Autoantibodies and neuropsychiatric events at the time of systemic lupus erythematosus diagnosis: Results from an international inception cohort study

To examine, in an inception cohort of systemic lupus erythematosus (SLE) patients, the association between neuropsychiatric (NP) events and anti-ribosomal P (anti-P), antiphospholipid (lupus anticoagulant [LAC], anticardiolipin), anti-beta2-glycoprotein I, and anti-NR2 glutamate receptor antibodies. NP events were identified using the American College of Rheumatology case definitions and clustered into central/peripheral and diffuse/focal events. Attribution of NP events to SLE was determined using decision rules of differing stringency. Autoantibodies were measured without knowledge of NP events or their attribution. Four hundred twelve patients were studied (87.4% female; mean +/- SD age 34.9 +/- 13.5 years, mean +/- SD disease duration 5.0 +/- 4.2 months). There were 214 NP events in 133 patients (32.3%). The proportion of NP events attributed to SLE varied from 15% to 36%. There was no association between autoantibodies and NP events overall. However, the frequency of anti-P antibodies in patients with central NP events attributed to SLE was 4 of 20 (20%), versus 3 of 107 (2.8%) in patients with other NP events and 24 of 279 (8.6%) in those with no NP events (P = 0.04). Among patients with diffuse NP events, 3 of 11 had anti-P antibodies (27%), compared with 4 of 111 patients with other NP events (3.6%) and 24 of 279 of those with no NP events (8.6%) (P = 0.02).
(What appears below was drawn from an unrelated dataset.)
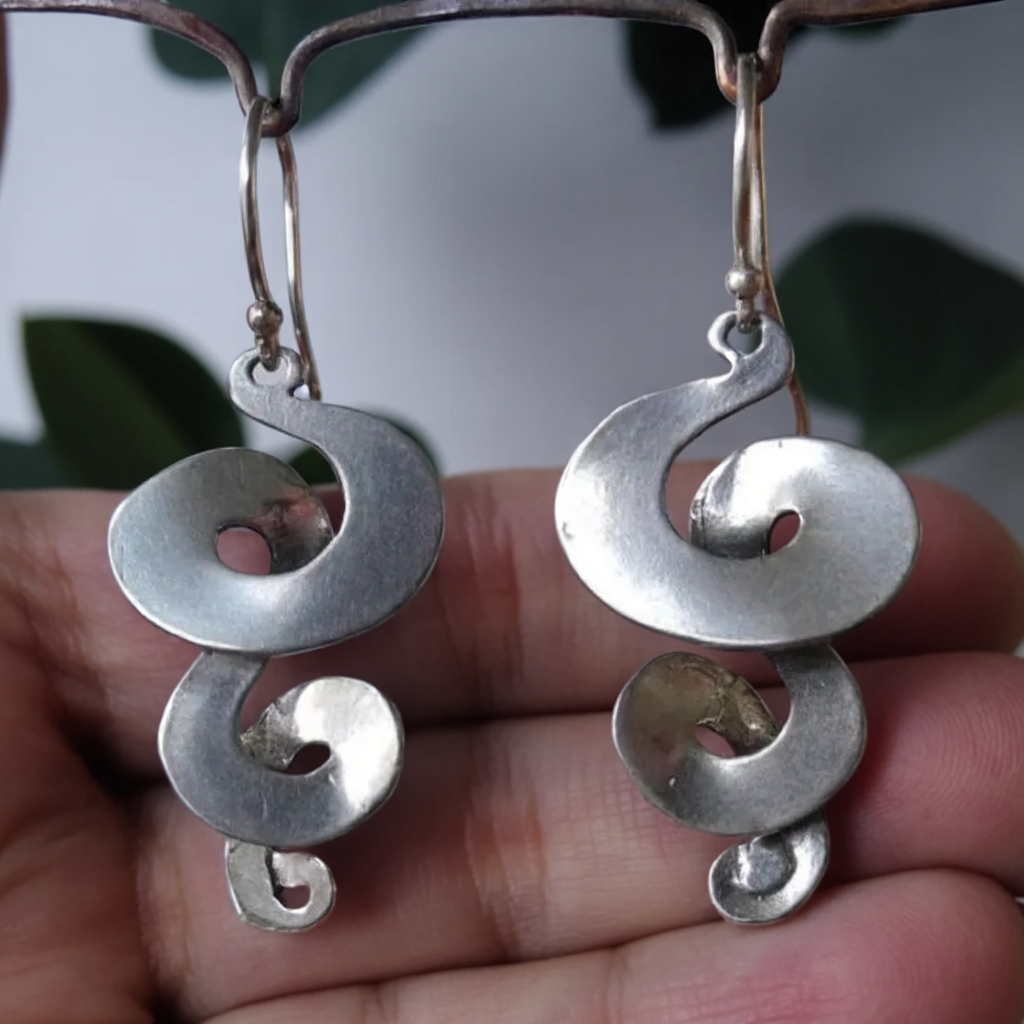 Pendientes espirales de plata vintage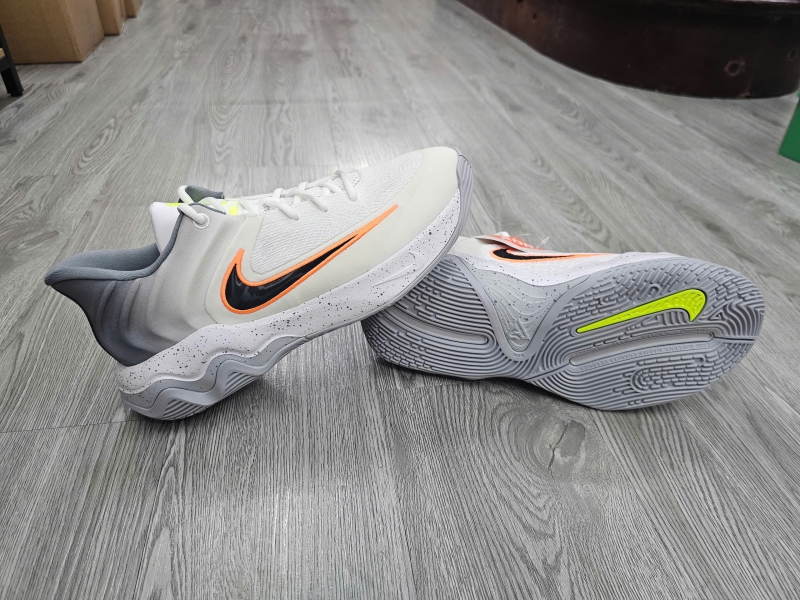 Giay-bong-ro-chinh-hang-Nike-Giannis-Immortality-4-White-Volt-FQ3681-102-Giannis-Antetokounmpo-3.jpg?v=1779803872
Specific clinical-serologic associations were found between anti-P and psychosis attributed to SLE (P = 0.02) and between LAC and cerebrovascular disease attributed to SLE (P = 0.038). There was no significant association between other autoantibodies and NP events. Clinically distinct NP events attributed to SLE and occurring around the time of diagnosis were found to be associated with anti-P antibodies and LAC. This suggests that there are different autoimmune pathogenetic mechanisms, although low sensitivity limits the clinical application of testing for these antibodies.